Employee Wellness Plan Timing

//Employee Wellness Plan Timing

Employee Wellness Plan Timing

As they say: “timing is everything.” Use the guidelines below to guide the timing of Employee Wellness Plan activities and data collection.

Timing: Employee Wellness Plan Start-up

  • Consider the optimal time to start a new Employee Wellness Program. Take
    into account preferences of the target population and other factors that could
    affect enrollment and participation.
  • By way of example, coordinating the start of an adult weight management
    initiative with the start of school in August or September may be a good tie-in
    with a “fresh start.”
  • On the other hand, starting an adult weight management initiative In January
    may not be a great idea because of the constraints that weather may put on
    exercising outdoors.
  • Make use of other timing cycles at your company. Planning a marketing blitz
    just after the PCS turnover has been completed is a good way to let new personnel
    know what Employee Wellness Plan options are available.

Timing: Employee Wellness Plan Participant Support

  • Consider how frequently Employee Wellness Plan sessions should be offered
    to provide the best support and education for members and the best opportunity
    for success.
  • Get feedback from members regarding what session frequencies work best for
    them.
  • Consider the timing for other support mechanisms like email encouragement.
    What timing of those messages will benefit members most: Weekly? Bi-monthly?
    Monthly?

Timing: Employee Wellness Plan Data Collection

  • Collecting data is an excellent way to track participant progress and also
    to establish potential problems within a Employee Wellness Program. So, give
    some thought to the frequency and timing of data collection.
  • Select metrics that can realistically change during the Employee Wellness
    Plan implementation time period. By way of example, BMI and weight may not
    change very much during a 10-week Employee Wellness Program; however, step
    counts are more likely to noticeably change.
  • Some data, such as participant responsiveness to out-of-class assignments
    (like food journals) and other interim data (like step counts) will provide
    important information needed to “adjust fire” as needed and make
    Employee Wellness Plan changes if something is not working.
  • Be flexible regarding data collection frequency. Instead of requiring that
    members complete an exercise log every day, for example, consider asking for
    a “snapshot” summary from two or three days during the week.
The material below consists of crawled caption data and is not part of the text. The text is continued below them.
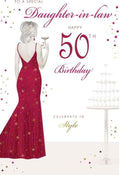Daughter-in-law 50th Birthday Card  Red Gown & Champagne Design  15x23cm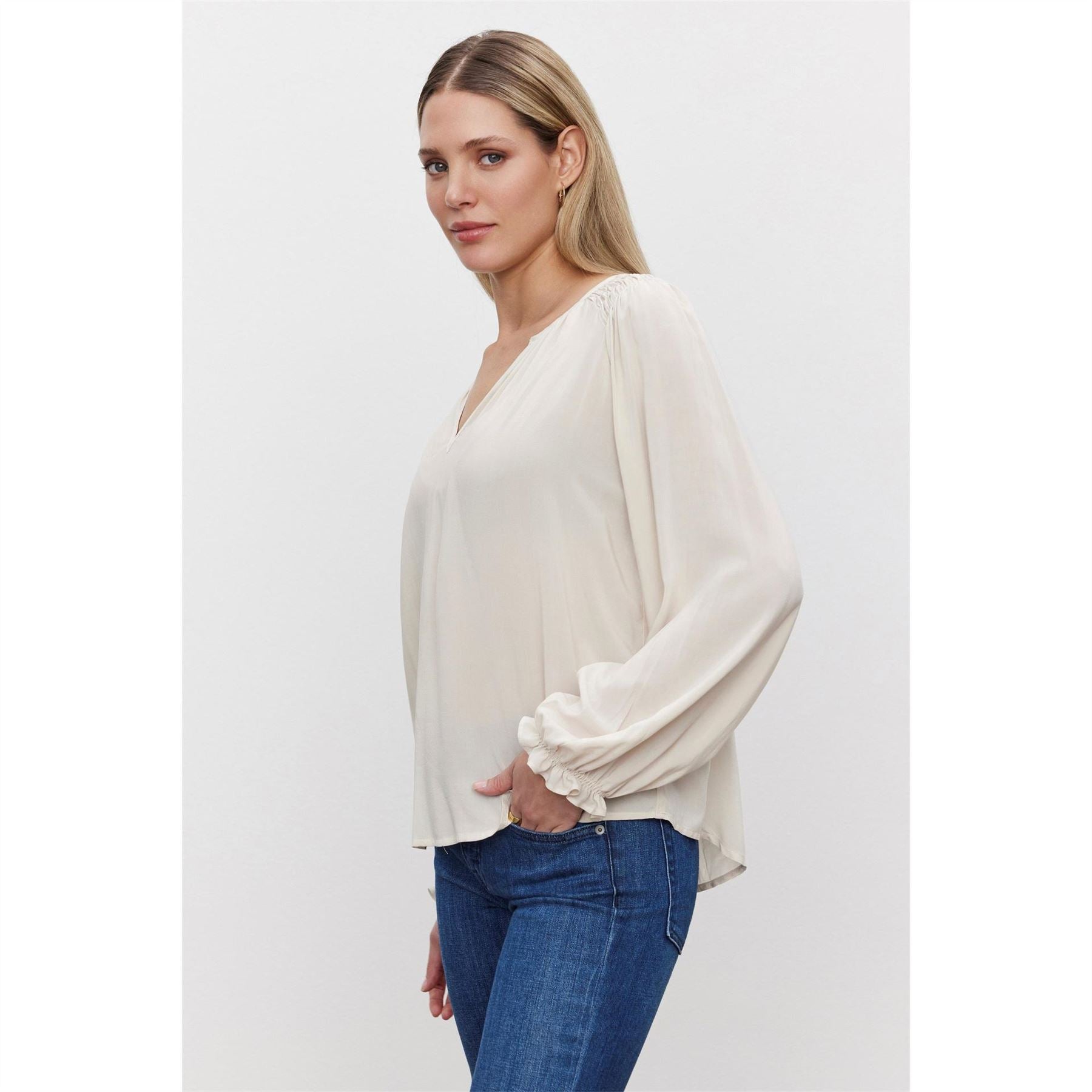 Velvet by Graham and Spencer Regular Fit V-Neck Bishop Sleeve Blouse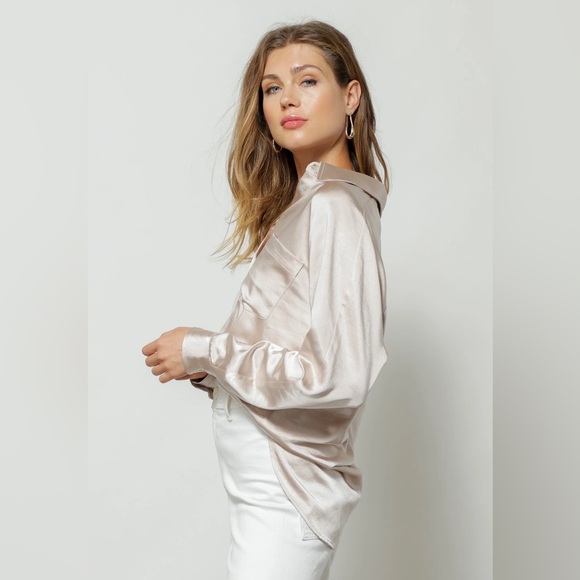 Line & Dot Dolly Long Sleeve Button Up - Oyster - Picture 4 of 5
You
    will still get information to review, but members will have an easier time
    complying with the assignment.

Timing: Employee Wellness Plan Follow-up

  • Because the we are such a mobile population, it’s best to plan some
    sort of post-Employee Wellness Program follow-up data collection within two
    to four months after the Employee Wellness Plan ends.
  • You can always try to collect additional follow-up data at 6 or 12 months
    after Employee Wellness Plan completion. However, if you collect the data
    sooner, you’ll at least have collected some short term Employee Wellness
    Plan impact information before members are lost to follow-up.